Web page caption snippets ▸
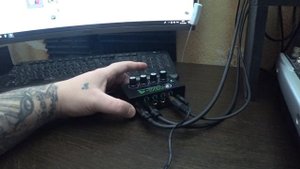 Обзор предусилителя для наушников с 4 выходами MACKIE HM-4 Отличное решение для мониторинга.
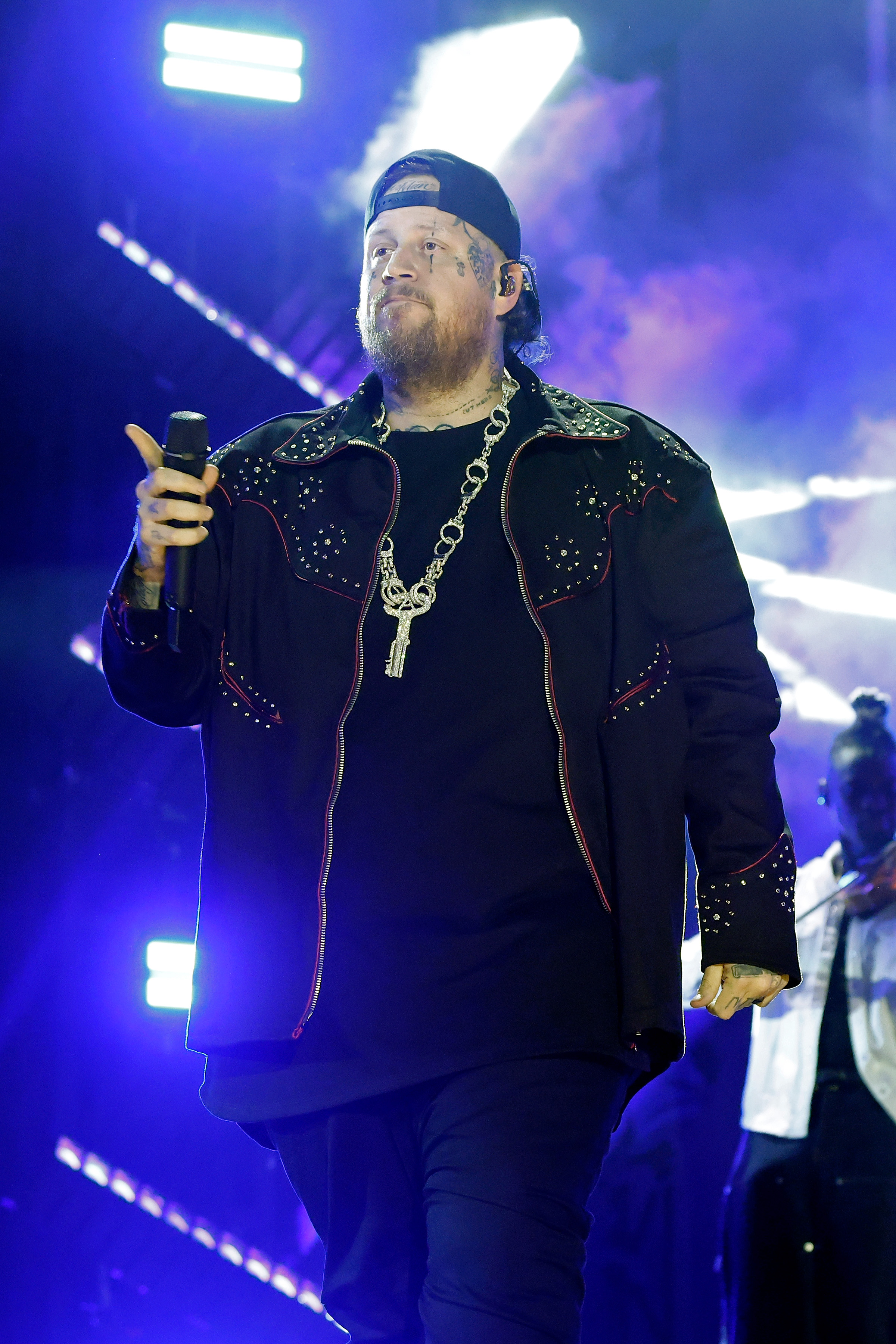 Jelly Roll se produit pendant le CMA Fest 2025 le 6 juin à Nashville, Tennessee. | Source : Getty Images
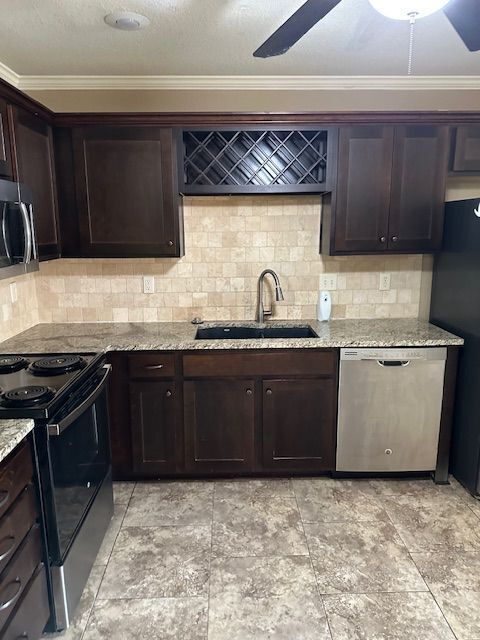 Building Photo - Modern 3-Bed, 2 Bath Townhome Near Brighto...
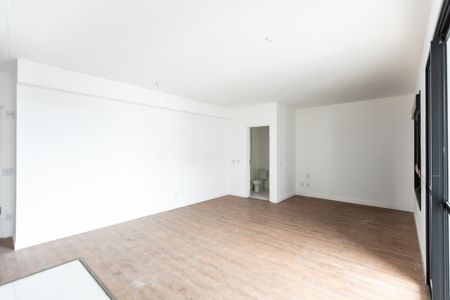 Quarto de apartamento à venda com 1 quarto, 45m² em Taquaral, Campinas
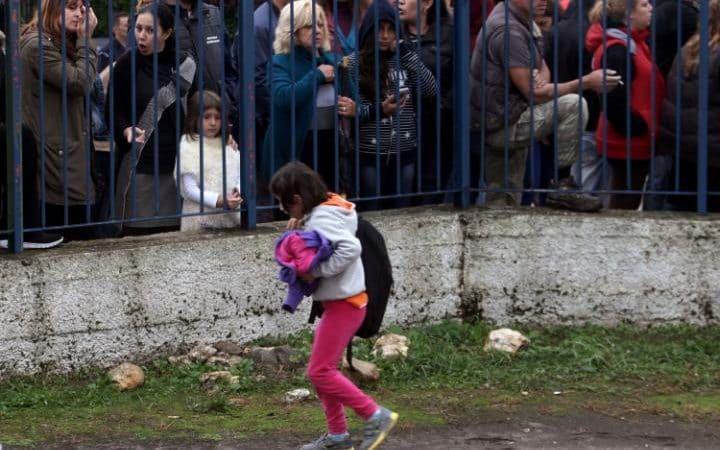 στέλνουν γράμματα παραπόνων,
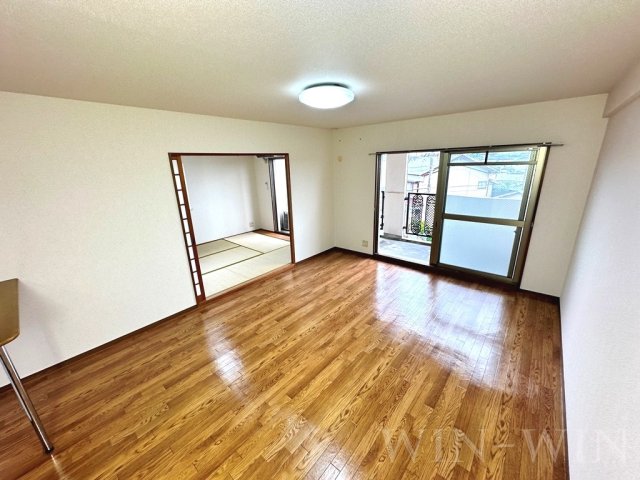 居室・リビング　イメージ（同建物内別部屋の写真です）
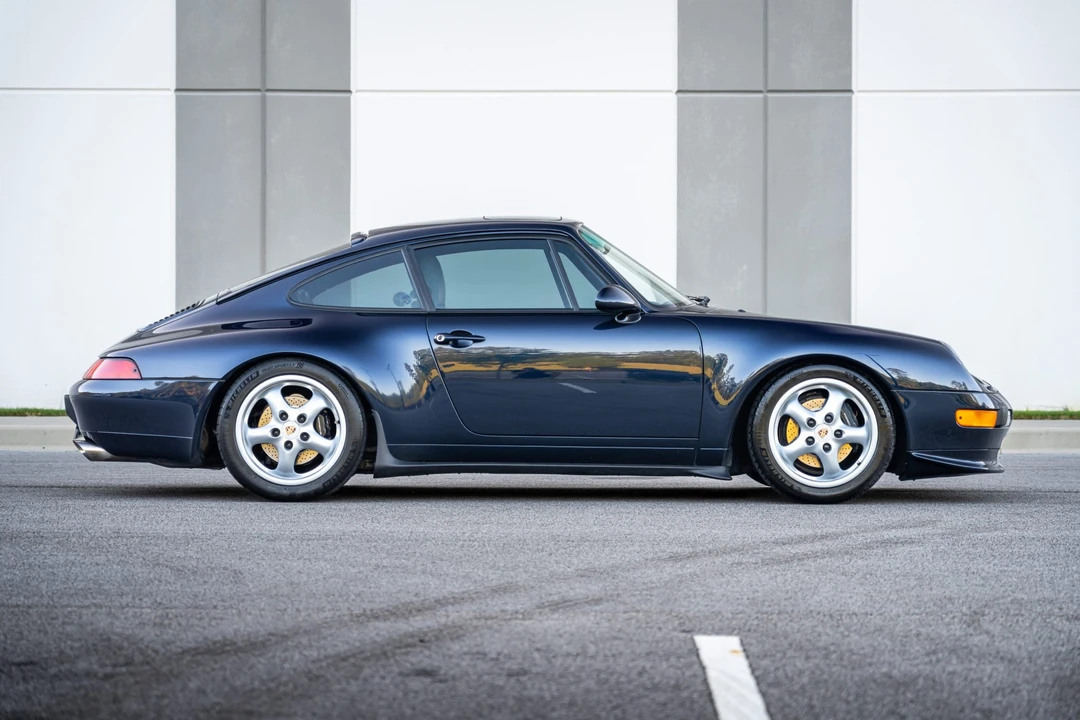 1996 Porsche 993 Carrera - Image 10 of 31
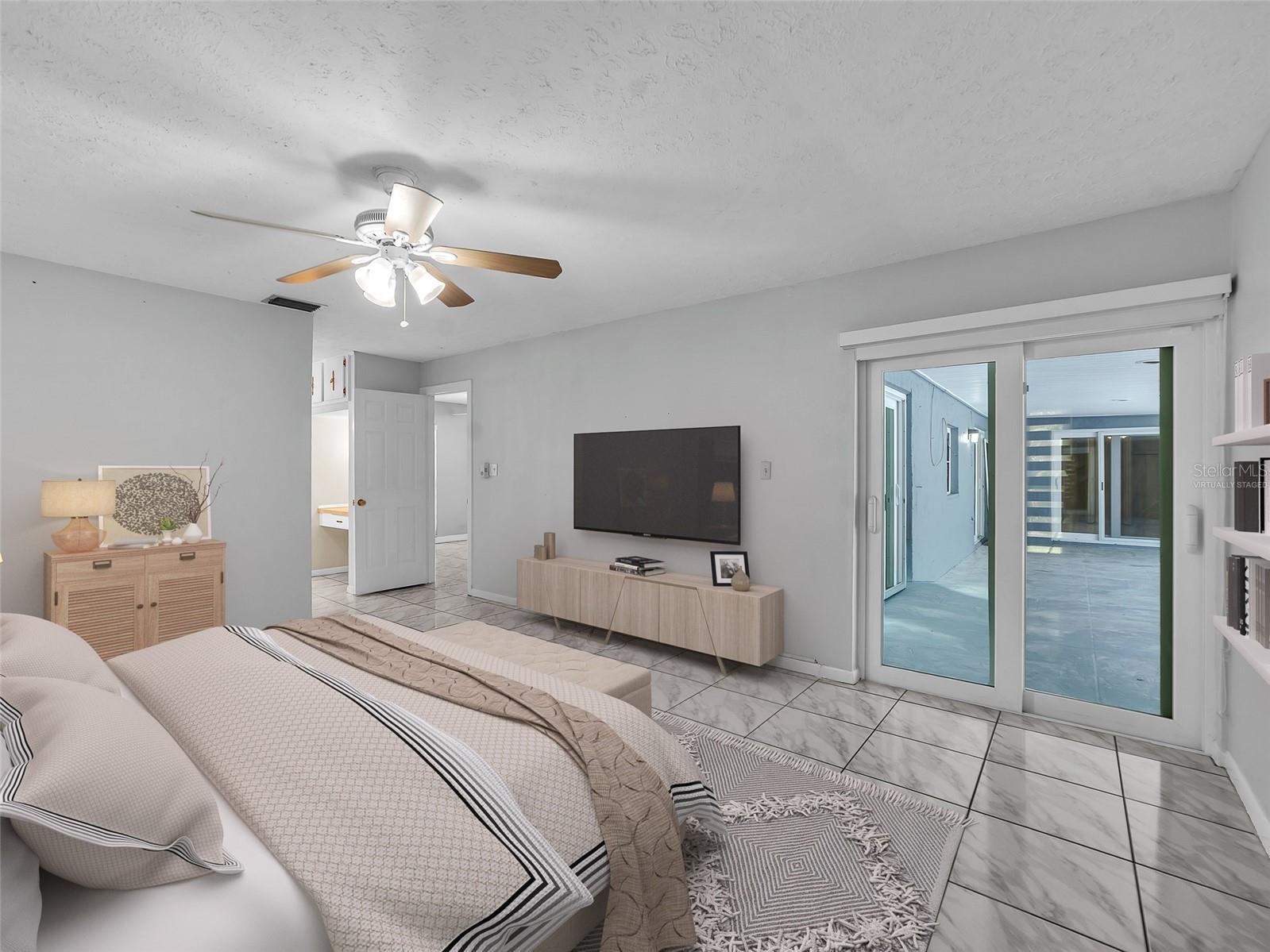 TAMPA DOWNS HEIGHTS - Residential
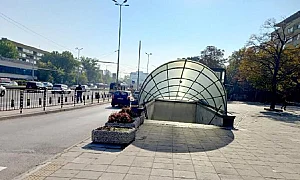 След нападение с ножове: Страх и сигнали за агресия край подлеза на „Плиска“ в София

Exercise goal ▸ Output each record exactly as it appears, but not the pictures.

Answer for the task ▸
 Обзор предусилителя для наушников с 4 выходами MACKIE HM-4 Отличное решение для мониторинга.
 Jelly Roll se produit pendant le CMA Fest 2025 le 6 juin à Nashville, Tennessee. | Source : Getty Images
 Building Photo - Modern 3-Bed, 2 Bath Townhome Near Brighto...
 Quarto de apartamento à venda com 1 quarto, 45m² em Taquaral, Campinas
 στέλνουν γράμματα παραπόνων,
 居室・リビング　イメージ（同建物内別部屋の写真です）
 1996 Porsche 993 Carrera - Image 10 of 31
 TAMPA DOWNS HEIGHTS - Residential
 След нападение с ножове: Страх и сигнали за агресия край подлеза на „Плиска“ в София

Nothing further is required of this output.